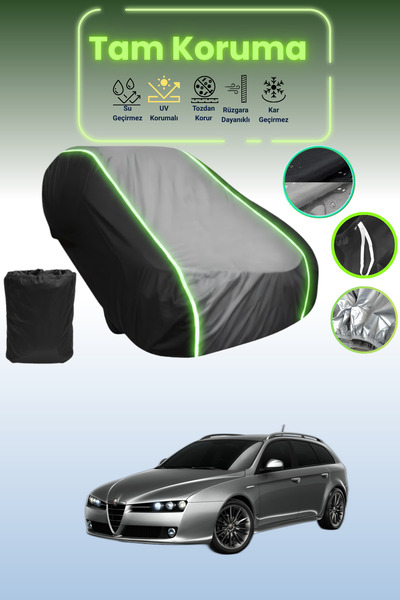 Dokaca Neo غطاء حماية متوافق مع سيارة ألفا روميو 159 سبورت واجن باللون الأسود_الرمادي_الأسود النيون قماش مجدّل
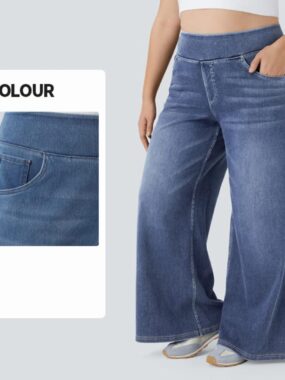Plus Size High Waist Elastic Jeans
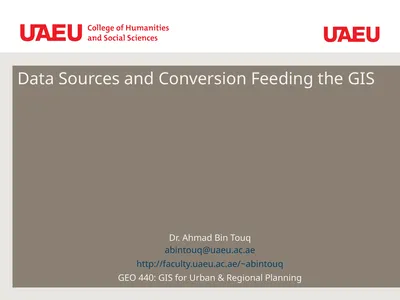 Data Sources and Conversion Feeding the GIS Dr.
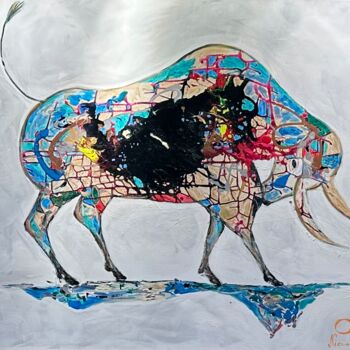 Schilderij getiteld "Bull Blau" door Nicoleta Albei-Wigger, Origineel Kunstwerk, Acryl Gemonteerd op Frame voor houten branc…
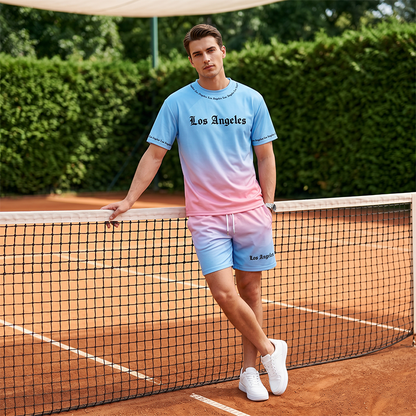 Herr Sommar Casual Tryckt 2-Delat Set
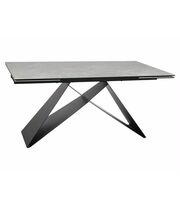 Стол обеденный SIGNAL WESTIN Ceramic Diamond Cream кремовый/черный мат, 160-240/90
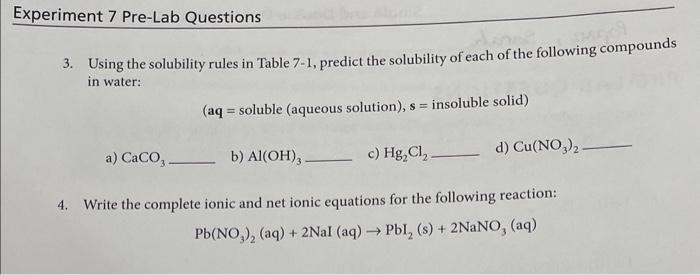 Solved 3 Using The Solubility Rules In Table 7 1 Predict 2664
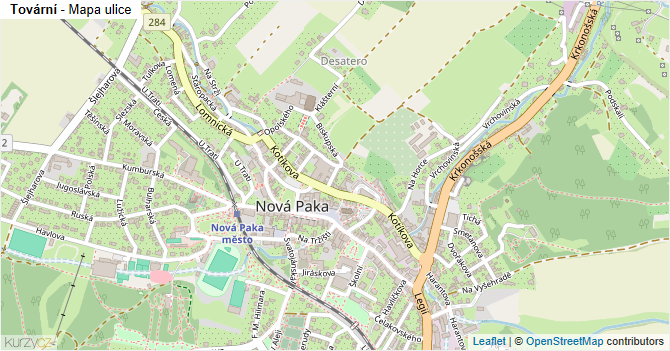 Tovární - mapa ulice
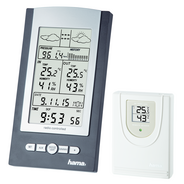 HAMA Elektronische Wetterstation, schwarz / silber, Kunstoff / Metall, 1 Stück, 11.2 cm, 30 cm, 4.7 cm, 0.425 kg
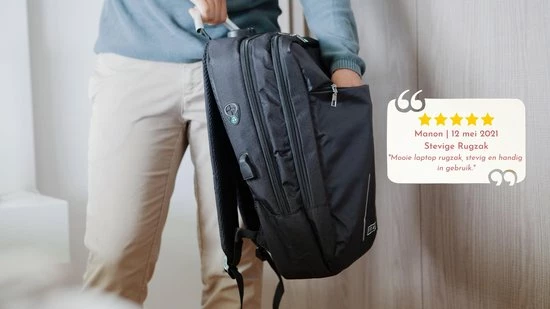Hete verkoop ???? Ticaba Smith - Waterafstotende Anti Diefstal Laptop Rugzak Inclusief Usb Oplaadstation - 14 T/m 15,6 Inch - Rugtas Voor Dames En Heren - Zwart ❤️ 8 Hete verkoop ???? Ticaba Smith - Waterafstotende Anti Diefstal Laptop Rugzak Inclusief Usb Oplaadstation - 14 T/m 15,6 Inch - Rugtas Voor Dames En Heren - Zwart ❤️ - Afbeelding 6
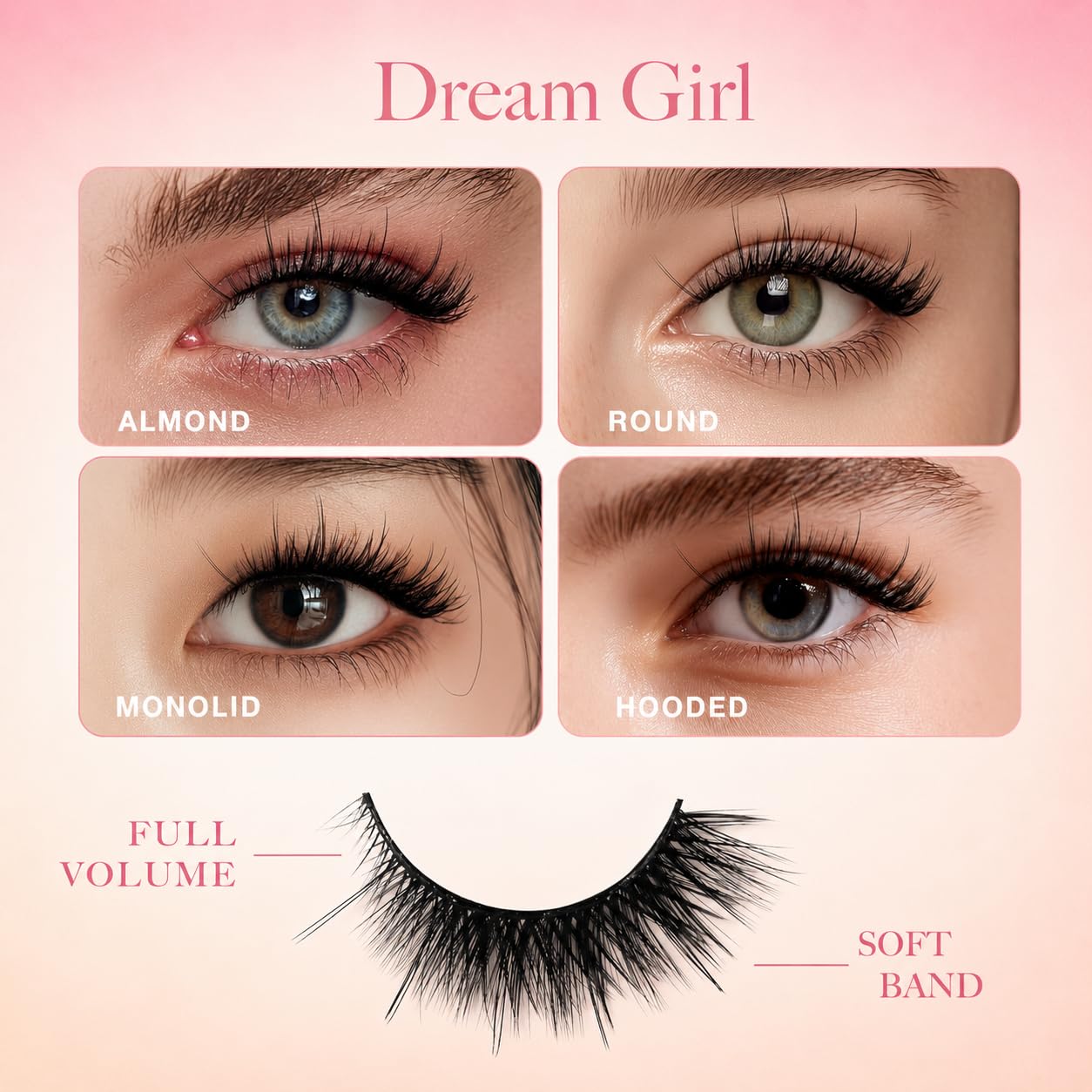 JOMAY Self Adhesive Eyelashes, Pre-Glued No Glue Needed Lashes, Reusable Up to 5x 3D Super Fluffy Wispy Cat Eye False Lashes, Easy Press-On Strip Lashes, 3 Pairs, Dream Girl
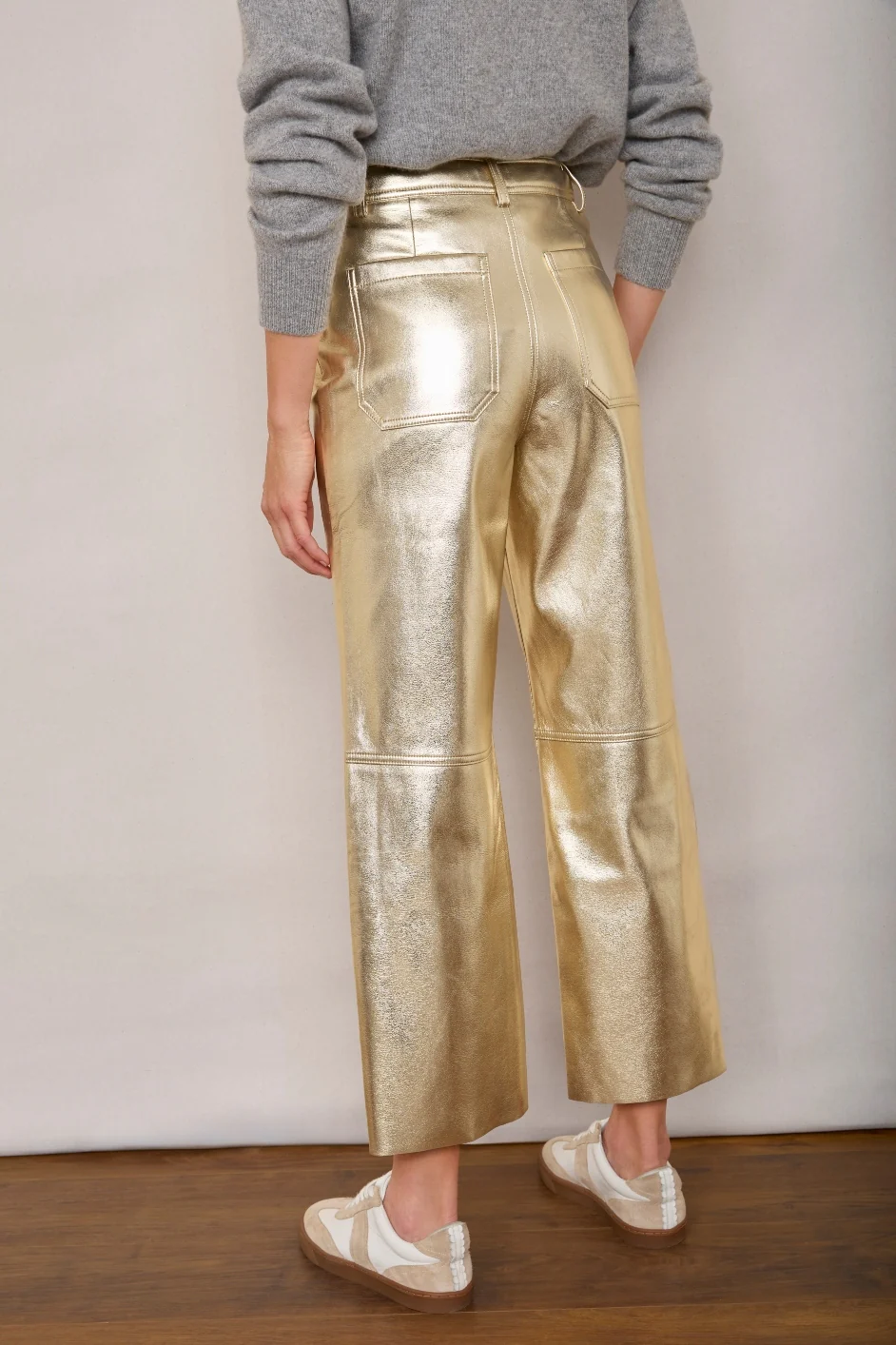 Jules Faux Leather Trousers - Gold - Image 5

(Try it)
With all pictures omitted, repeat every record above word for word.

(Response)
 Dokaca Neo غطاء حماية متوافق مع سيارة ألفا روميو 159 سبورت واجن باللون الأسود_الرمادي_الأسود النيون قماش مجدّل
Plus Size High Waist Elastic Jeans
 Data Sources and Conversion Feeding the GIS Dr.
 Schilderij getiteld "Bull Blau" door Nicoleta Albei-Wigger, Origineel Kunstwerk, Acryl Gemonteerd op Frame voor houten branc…
 Herr Sommar Casual Tryckt 2-Delat Set
 Стол обеденный SIGNAL WESTIN Ceramic Diamond Cream кремовый/черный мат, 160-240/90
 Solved 3 Using The Solubility Rules In Table 7 1 Predict 2664
 Tovární - mapa ulice
 HAMA Elektronische Wetterstation, schwarz / silber, Kunstoff / Metall, 1 Stück, 11.2 cm, 30 cm, 4.7 cm, 0.425 kg
Hete verkoop ???? Ticaba Smith - Waterafstotende Anti Diefstal Laptop Rugzak Inclusief Usb Oplaadstation - 14 T/m 15,6 Inch - Rugtas Voor Dames En Heren - Zwart ❤️ 8 Hete verkoop ???? Ticaba Smith - Waterafstotende Anti Diefstal Laptop Rugzak Inclusief Usb Oplaadstation - 14 T/m 15,6 Inch - Rugtas Voor Dames En Heren - Zwart ❤️ - Afbeelding 6
 JOMAY Self Adhesive Eyelashes, Pre-Glued No Glue Needed Lashes, Reusable Up to 5x 3D Super Fluffy Wispy Cat Eye False Lashes, Easy Press-On Strip Lashes, 3 Pairs, Dream Girl
 Jules Faux Leather Trousers - Gold - Image 5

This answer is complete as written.